A profusion of the flowers which have surprised me over the summer. I'm aware that people would probably classify all of these to be weeds, but they are far too pretty to pull up!


These bright pink flowers are stunning. The individual blooms don't seem to last for more than a few days, but they keep on flowering.

This is our decking, which gets a huge amount of sunshine. I'm planning on seeing if I can train some grape vines up a trellis against the wall.

This will be the flower-patch. At the moment, it is mainly weeds, and those stunning orange flowers. There's a rhododendron bush, plus a couple of others that I can't name, and I'm still mulling over what else to add. My lemon tree already has its home there.

Crocosmia / Montbretia
A close up of the orange flowers. Again, I know that these are technically weeds (you can see them all along the road embankments at the moment, too), but they are simply gorgeous, and they are attracting the bumble-bees to the garden, which makes them alright in my book!

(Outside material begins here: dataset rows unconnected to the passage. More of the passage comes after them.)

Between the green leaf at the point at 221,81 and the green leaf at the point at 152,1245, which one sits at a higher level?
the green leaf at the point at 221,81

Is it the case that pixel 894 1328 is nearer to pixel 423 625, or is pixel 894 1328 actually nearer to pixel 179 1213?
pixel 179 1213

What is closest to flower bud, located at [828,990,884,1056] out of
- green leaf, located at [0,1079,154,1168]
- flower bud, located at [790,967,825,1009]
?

A different type of Dahlia
Another flower which completely surprised me - the bush that it is growing from really didn't seem like anything much!

The front garden. There are little shrubs planted by the previous owners on the other side of the fence, as well as an agapanthus and a flax (again, more Tuis when it is flowering), so I'm hoping that we'll be able to build up a bit more of a hedge around the fence; good for the birds, and will give a bit more privacy in years to come.

Pineapple Lily
This is an interesting plant - again, completely unprepossessing, then it suddenly sprouted these flowers and actually became quite pinky/purple for a short while!

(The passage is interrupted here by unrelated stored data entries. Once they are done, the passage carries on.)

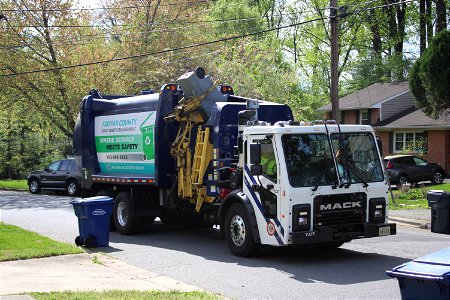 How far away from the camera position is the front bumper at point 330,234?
10359 mm

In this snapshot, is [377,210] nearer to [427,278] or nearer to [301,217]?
[301,217]

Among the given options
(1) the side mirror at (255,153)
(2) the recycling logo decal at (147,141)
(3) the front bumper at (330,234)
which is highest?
(2) the recycling logo decal at (147,141)

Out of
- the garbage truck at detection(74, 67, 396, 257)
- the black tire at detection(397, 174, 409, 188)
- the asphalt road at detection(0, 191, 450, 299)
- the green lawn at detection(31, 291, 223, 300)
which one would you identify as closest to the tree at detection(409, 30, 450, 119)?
the black tire at detection(397, 174, 409, 188)

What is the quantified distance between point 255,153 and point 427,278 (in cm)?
574

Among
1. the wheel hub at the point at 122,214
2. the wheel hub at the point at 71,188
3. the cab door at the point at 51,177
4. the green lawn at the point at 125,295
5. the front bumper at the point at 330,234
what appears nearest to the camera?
the green lawn at the point at 125,295

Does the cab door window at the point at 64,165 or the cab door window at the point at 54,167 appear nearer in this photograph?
the cab door window at the point at 64,165

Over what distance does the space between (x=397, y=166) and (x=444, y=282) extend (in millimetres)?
24466

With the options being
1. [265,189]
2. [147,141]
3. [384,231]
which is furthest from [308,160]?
[147,141]

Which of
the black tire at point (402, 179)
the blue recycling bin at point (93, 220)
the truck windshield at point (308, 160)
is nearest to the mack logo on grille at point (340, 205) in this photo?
the truck windshield at point (308, 160)

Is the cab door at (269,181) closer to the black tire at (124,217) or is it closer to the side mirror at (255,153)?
the side mirror at (255,153)

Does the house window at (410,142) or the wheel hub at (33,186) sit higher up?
the house window at (410,142)

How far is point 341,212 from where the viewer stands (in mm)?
10852

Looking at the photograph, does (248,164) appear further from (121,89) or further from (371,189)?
(121,89)

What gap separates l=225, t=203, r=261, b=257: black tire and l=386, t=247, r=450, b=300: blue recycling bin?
218 inches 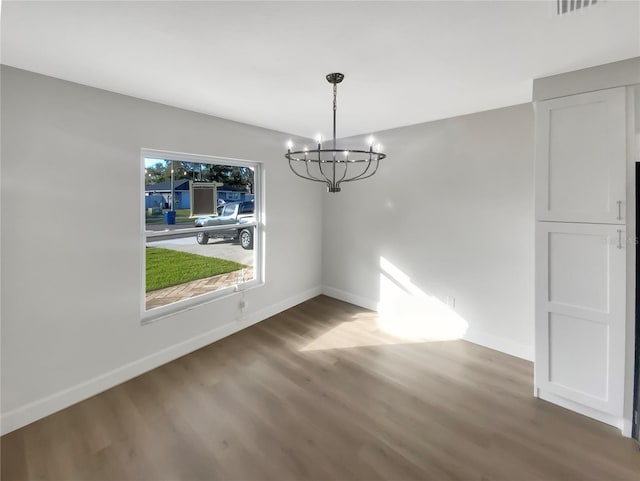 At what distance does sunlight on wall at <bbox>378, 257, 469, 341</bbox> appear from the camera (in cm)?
345

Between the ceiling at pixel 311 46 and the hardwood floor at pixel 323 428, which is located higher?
Result: the ceiling at pixel 311 46

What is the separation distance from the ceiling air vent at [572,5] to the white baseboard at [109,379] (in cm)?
372

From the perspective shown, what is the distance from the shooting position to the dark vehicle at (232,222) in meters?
3.32

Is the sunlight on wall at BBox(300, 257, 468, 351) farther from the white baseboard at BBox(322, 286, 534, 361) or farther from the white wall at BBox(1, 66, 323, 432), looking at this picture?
the white wall at BBox(1, 66, 323, 432)

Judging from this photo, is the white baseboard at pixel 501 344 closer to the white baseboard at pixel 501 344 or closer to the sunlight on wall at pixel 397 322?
the white baseboard at pixel 501 344

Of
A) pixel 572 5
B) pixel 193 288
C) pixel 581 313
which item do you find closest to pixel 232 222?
pixel 193 288

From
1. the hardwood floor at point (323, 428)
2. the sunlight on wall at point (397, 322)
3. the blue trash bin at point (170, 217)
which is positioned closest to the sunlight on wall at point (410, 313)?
the sunlight on wall at point (397, 322)

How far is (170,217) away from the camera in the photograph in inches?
117

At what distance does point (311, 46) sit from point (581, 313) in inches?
104

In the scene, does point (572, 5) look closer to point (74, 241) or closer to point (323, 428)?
point (323, 428)

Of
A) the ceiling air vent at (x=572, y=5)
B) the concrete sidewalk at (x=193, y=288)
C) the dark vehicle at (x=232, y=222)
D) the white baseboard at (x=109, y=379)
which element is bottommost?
the white baseboard at (x=109, y=379)

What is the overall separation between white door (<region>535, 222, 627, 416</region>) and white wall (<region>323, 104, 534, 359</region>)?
0.66 meters

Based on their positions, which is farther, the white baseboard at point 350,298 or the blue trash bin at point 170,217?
the white baseboard at point 350,298

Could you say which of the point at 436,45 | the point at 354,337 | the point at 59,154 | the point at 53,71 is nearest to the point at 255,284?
the point at 354,337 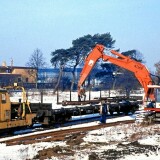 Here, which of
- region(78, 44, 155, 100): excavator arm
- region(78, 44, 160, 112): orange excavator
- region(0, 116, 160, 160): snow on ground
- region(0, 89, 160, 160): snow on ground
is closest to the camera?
region(0, 89, 160, 160): snow on ground

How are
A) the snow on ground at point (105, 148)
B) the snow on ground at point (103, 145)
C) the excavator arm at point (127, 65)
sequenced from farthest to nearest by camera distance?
the excavator arm at point (127, 65) < the snow on ground at point (103, 145) < the snow on ground at point (105, 148)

One of the unknown bushes - it briefly flowered with these very delicate yellow and white blooms.

Japanese Anemone
These are all round the garden, particularly up against the house. Again, they are probably weeds, but very pretty!

Bears Breeches / Acanthus
These, too, are all along the back fence. I already know that I'm going to need to take a lot of these out, as they really are taking over.

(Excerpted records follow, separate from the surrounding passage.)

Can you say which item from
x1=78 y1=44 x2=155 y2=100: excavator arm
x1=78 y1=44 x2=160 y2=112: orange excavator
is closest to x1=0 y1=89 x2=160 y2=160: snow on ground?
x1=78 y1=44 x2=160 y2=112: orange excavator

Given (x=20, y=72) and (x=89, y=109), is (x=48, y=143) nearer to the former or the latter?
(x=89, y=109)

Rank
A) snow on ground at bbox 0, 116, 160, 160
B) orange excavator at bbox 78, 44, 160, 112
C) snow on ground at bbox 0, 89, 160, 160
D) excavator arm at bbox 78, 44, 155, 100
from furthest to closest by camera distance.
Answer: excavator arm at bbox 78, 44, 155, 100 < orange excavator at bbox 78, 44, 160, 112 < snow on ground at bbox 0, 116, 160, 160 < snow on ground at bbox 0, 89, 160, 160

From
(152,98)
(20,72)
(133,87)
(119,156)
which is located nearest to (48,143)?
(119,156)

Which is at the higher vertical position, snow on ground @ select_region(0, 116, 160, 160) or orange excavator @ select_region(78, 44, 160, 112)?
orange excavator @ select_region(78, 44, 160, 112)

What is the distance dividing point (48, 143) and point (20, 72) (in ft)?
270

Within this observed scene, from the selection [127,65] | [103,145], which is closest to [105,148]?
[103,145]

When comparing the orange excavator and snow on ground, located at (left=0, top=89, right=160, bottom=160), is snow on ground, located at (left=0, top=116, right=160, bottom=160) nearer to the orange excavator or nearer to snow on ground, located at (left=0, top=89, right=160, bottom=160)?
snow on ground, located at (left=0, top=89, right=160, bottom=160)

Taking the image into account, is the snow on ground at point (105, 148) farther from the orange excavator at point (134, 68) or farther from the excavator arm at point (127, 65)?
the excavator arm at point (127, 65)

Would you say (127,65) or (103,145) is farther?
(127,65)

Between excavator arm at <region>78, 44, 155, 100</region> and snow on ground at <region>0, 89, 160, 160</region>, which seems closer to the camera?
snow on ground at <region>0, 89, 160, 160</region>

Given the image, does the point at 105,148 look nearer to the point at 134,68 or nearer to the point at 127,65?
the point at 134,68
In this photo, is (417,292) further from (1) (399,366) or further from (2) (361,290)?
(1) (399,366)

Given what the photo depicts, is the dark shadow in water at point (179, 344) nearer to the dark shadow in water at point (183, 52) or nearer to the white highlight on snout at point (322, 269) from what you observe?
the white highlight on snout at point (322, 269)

So - a brief tour round the garden at least; the inside of the house is a bit messy, so photos of that will have to wait! If anyone is able to identify any of the plants from my photos, please let me know - it's one of the areas where my Google-fu has let me down; there are just too many pictures of flowers on the internet, and as I don't know whether any of them are NZ native or not, I can't even narrow the search that way!


R J Adams said...

You certainly believe in hard work - learn the bassoon part of Rachmaninoff 3 by May! Go to it, girl! And your garden has loads of potential. Some of the plants in your images I recognize, but can't remember the names! It's been nearly two decades since I gardened. I can say with surety that the second from the bottom (white flower, yellow center) is a Japanese Anemone (Anemone hupehensis var. japonica). It may be a weed in NZ, but one man's weed is another man's favorite cultivar.
I know the orange flowered ones, too (seventh down) but I'm darned if I can remember what they're called. Both are quite invasive, however, and need to be kept under control.

Jo said...

Hi RJ - many thanks for this :-) I'll keep an eye on the Anenome and the orange ones; I'm currently running on the hypothesis that anything which appears multiple times in different beds is likely to be a weed rather than having been deliberately planted. But I'm also not going to pull things up just yet - some of them are too pretty!

Wisewebwoman said...

thanks for the walk around your garden Jo, it is lovely, I'm with you on living with the stuff until you know with certainty what you want it to look like.
An yay on the bassoon I am famililar with old dreams being re-ignited. :)
PS you may want revisit your capcha policy I did and set it for 4 days to eliminate the spammers (they only appear after a week). I've made 3 attempts now to translate your capcha.

Jo said...

Thanks WWW :-)

I have removed the Captcha (I hope!) from the comments, so let me know if it is still showing up. I'll turn it back on if I get more tractor salesmen showing up (I put it on after every post had someone from somewhere in Eastern Europe trying to sell tractors - it took me ages to get rid of them!)

Anonymous said...

Hi Jo,

I can vaguely place a few more of these, number 4 is a dahlia, and further down a pineapple lily ( ). The orange one is some sort of Crocosmia.